The last rating actions on the transactions took place on 19 January 2018, when DBRS confirmed the ratings of the nine Series of Notes at BBB (high) (sf).
The lead analyst responsibilities for these transactions have been transferred to Alfonso Candelas.
Information regarding DBRS ratings, including definitions, policies and methodologies, is available at www.dbrs.com.
To assess the impact of changing the transactions parameters on the ratings, DBRS considered the following stress scenarios, as compared to the parameters used to determine the ratings (the “Base Case”):
-- A one-notch downgrade to the Collateral rating.
-- A one-notch downgrade to the Hedging Counterparty rating.

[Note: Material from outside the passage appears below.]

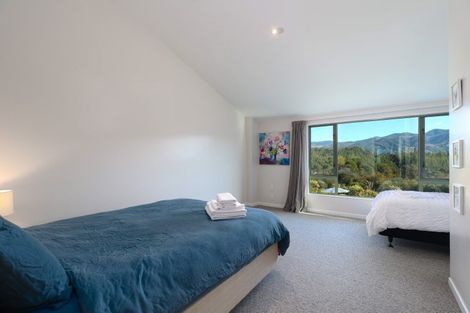 Photo of property in Splitapplelodge.com, 370 Kaiteriteri-sandy Bay Road, Kaiteriteri, Motueka, 7197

DBRS concludes that a hypothetical downgrade to the Collateral rating by one notch, ceteris paribus, would lead to a downgrade of the transactions to BBB (sf). A hypothetical one-notch downgrade to the Hedging Counterparty rating, ceteris paribus, would not have an impact on the current ratings. A scenario combining both the downgrade of the Collateral rating and the Hedging Counterparty rating would lead to a downgrade of all nine Series of Notes to BBB (sf).
For further information on DBRS historical default rates published by the European Securities and Markets Authority (“ESMA”) in a central repository, see: http://cerep.esma.europa.eu/cerep-web/statistics/defaults.xhtml.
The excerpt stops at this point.